Iman Elagazy said Zakaria, who delivered her second child, was “like a father to me.” She described him as “loving and caring” and always willing to help out.
Zakaria’s nephew also spoke, calling his uncle “all heart.” He spoke of his uncle’s “helpful nature and unconditional love” saying that Zakaria is “just a very loving man.”
His sister-in-law, Celine Oweiss, called Zakaria a “dedicated family man” whose “love and protection of his two sons had no boundaries.”
The same could not be said about Zakaria’s treatment of his wife, according to the state’s documents on the motion for modification, which illustrated Zakaria’s violent side.

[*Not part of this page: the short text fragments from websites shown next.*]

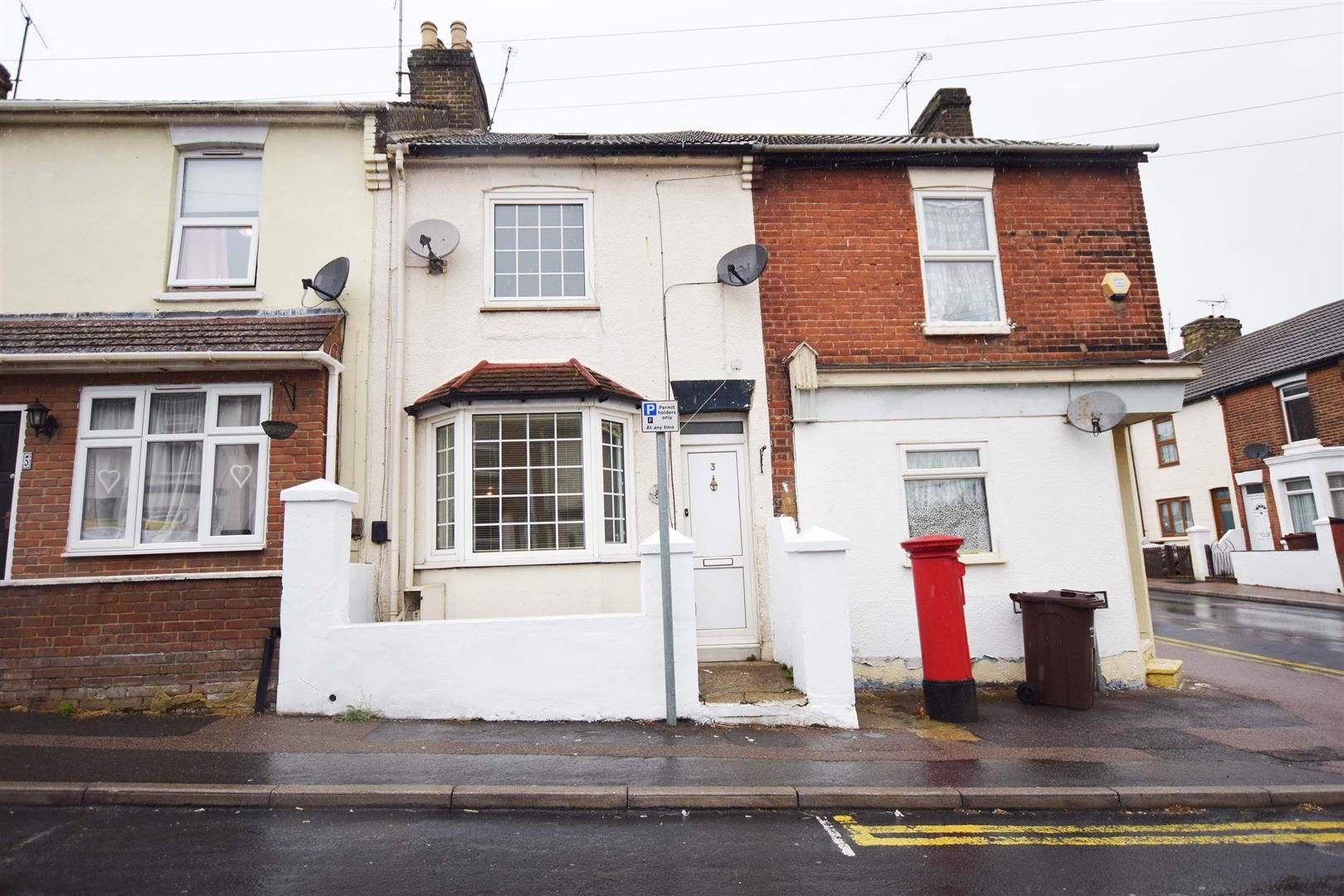 3 bed terraced house for sale in Baden Road, Gillingham ME7 Zoopla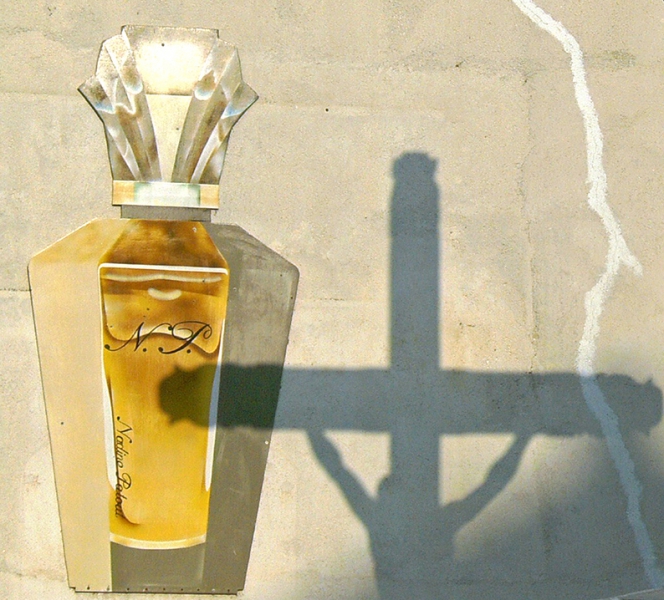 0202: o.T. (oder: Wofür Christus ans Kreuz genagelt wurde?; Saintes-Maries-de-la-Mer, 2009)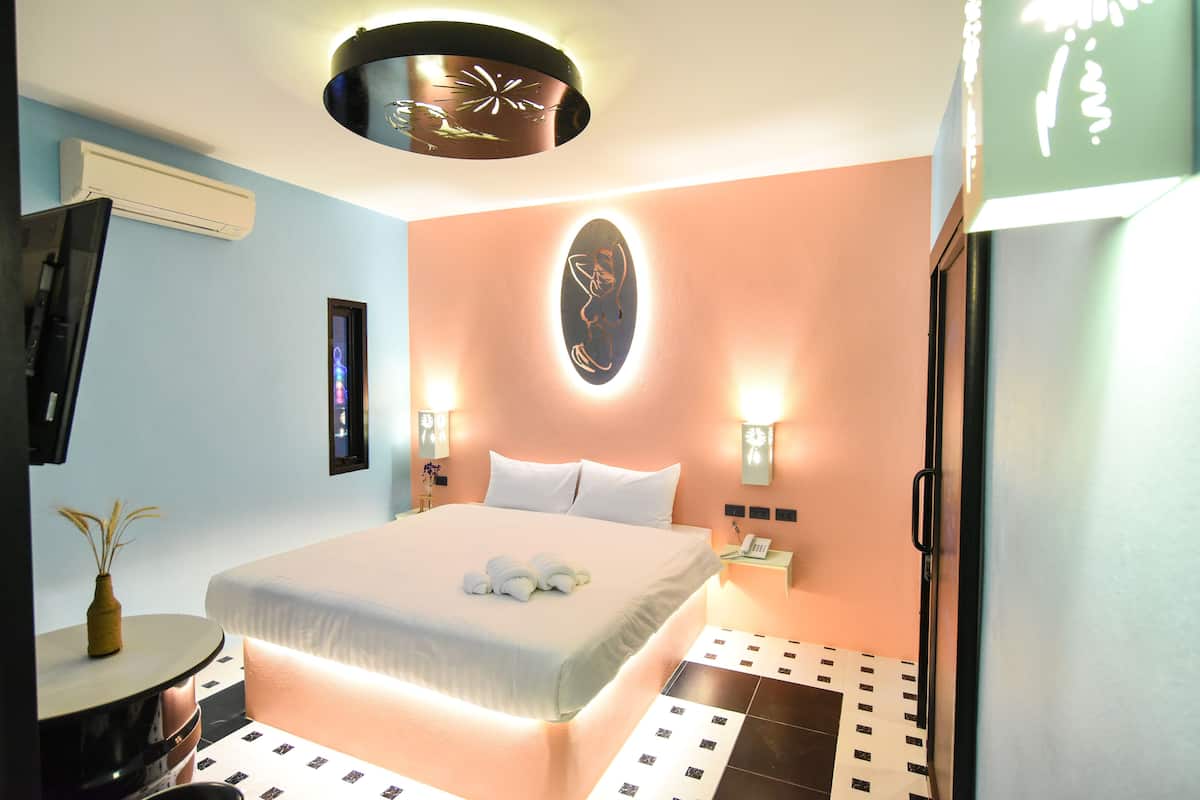 Deluxe  | Desk, soundproofing, WiFi (free), individually decorated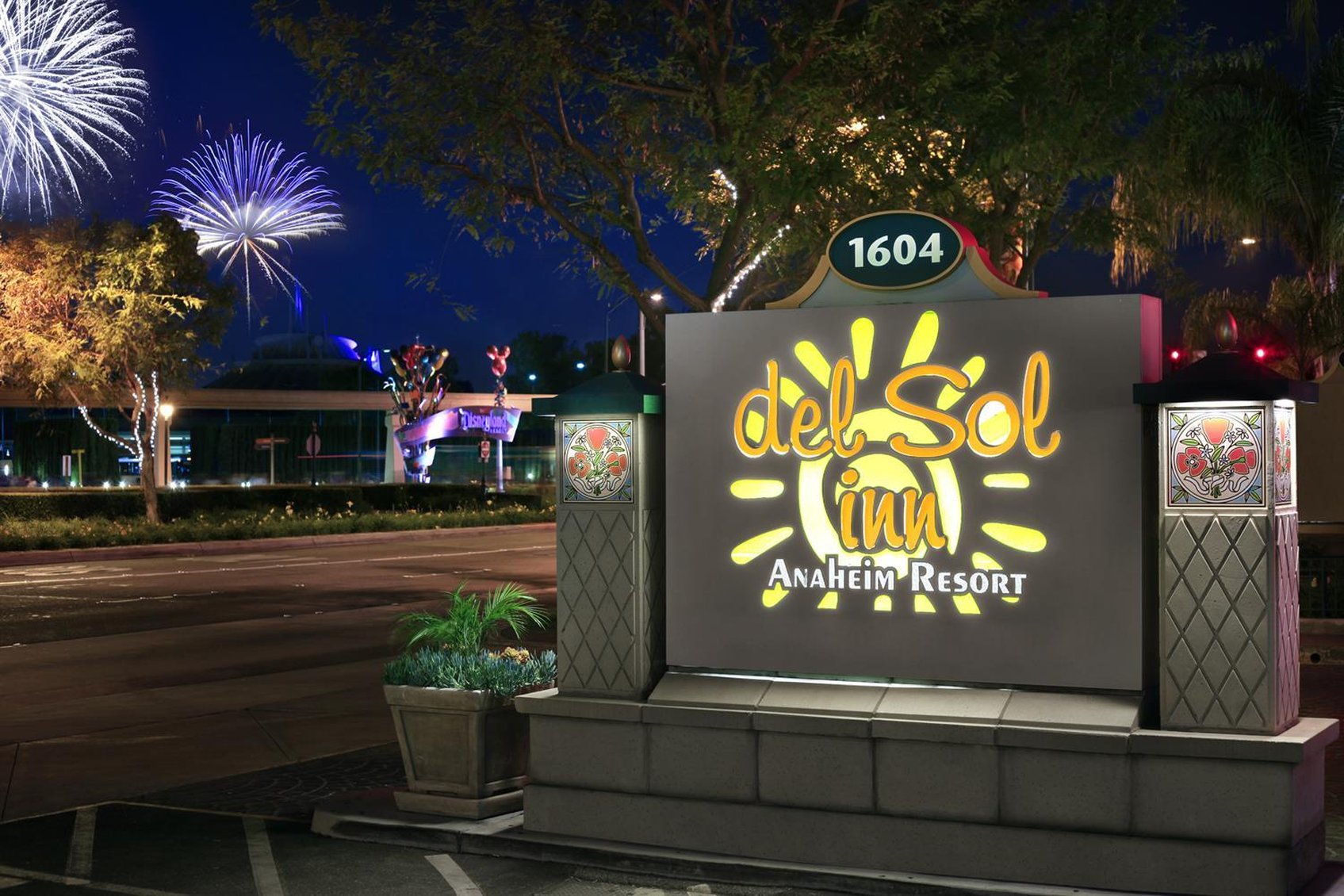 Del Sol Inn - Anaheim Resort 1/3
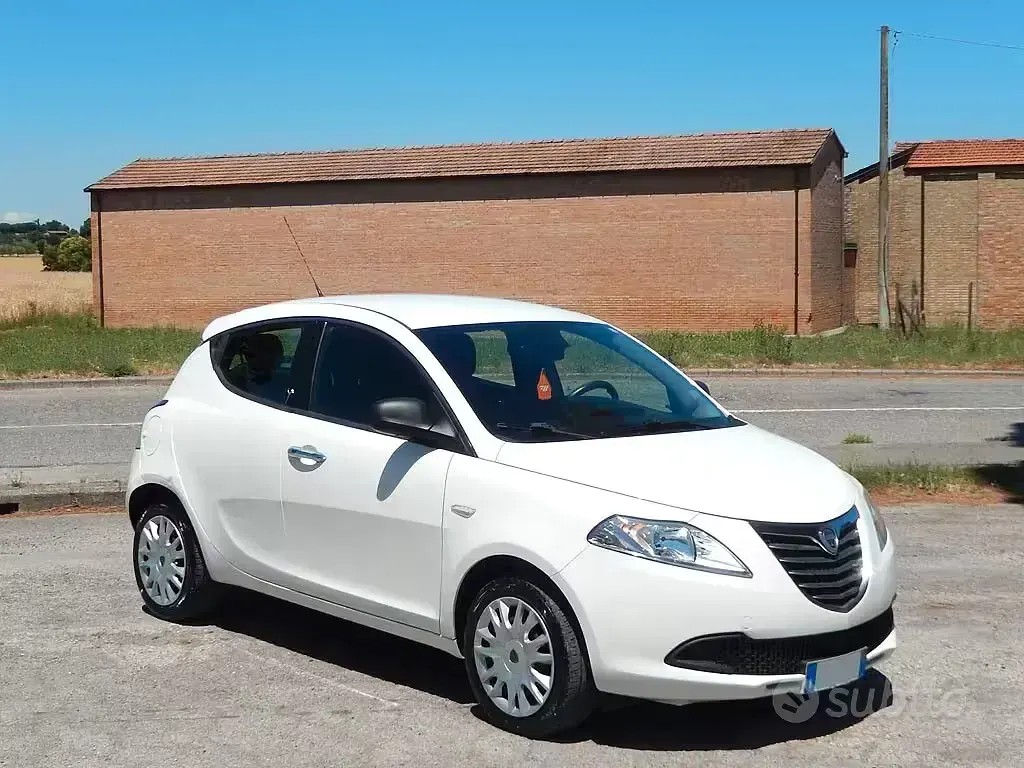 Usata Lancia Ypsilon 95 CV (69 kW) 2014 Bianco Utilitaria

In a trip to Egypt, shortly before Marianne’s murder, Zakaria became convinced his wife was having an affair with a mutual friend. At the apartment building where he and Marianne were staying, Zakaria beat his wife until she was bleeding around the mouth and her eyes were blackened, according to the document.
A week later, she returned home. The day after that, she was dead.
On Aug. 15, 2001, Omar Oweiss was sleeping at home when he heard his mother screaming for help. When he ran down to the basement, he found his mother face down in a frog-like position in a pool of blood.
Omar heard footsteps, and when he followed the noise outside, he saw his father at the top of the driveway, holding a rubber mallet. He told Omar not to call the police saying, “No, wait. I’m going to get rid of it in the creek,” regarding the mallet.
During a two-week trial in 2003, the state presented what the judge called overwhelming evidence of Zakaria’s guilt. Not just his son’s eyewitness account, but blood on Zakaria’s glasses, wedding ring and clothing, and blood-spatter patterns consistent with Zakaria being the perpetrator.
That did not stop Zakaria’s defense team from pointing the finger at Omar and claiming he was the killer.
That tactic, and the fact that Oweiss never admitted any culpability, has turned the family against Omar, according to documents.
Omar was not at the hearing, but the prosecutor read some of his words in the courtroom. Omar, she said, had not just lost his mother, but his whole family.
“Because of this defense, I have been shunned by the Egyptian part of my family,” Fenton said Omar had written. “I’ve been exiled through these lies.”
In 2003, right before he went on trial, Zakaria tried to sue the estate of Marianne, claiming she had embezzled from him. He sought $900,000 in reimbursement. A judge threw out the lawsuit.
Once convicted, Zakaria was no longer an eligible beneficiary to his slain wife’s estate.
When Zakaria finally spoke at the hearing, he, just like his supporters before him, made no mention of Marianne by name and no acknowledgment of guilt. The closest he came was a blanket apology for all the errors he had made in life.
“I regret all the mistakes I did. I am not denying anything, if I was involved,” Zakaria said.
He also claimed he was attacked that April morning and that he had heard someone threaten to kill him and his children. “This is God’s truth — I don’t know what happened,” he said.
The prosecutor showed no such confusion. She reminded the judge that Zakaria has never accepted responsibility and that the real victim is Marianne.
“She never got to say goodbye, She never saw her sons marry,” Fenton said. “She’ll never see her grandchildren.”
The original version of this story misstated the date of Marianne Oweiss’ death. It was Aug. 15, 2001.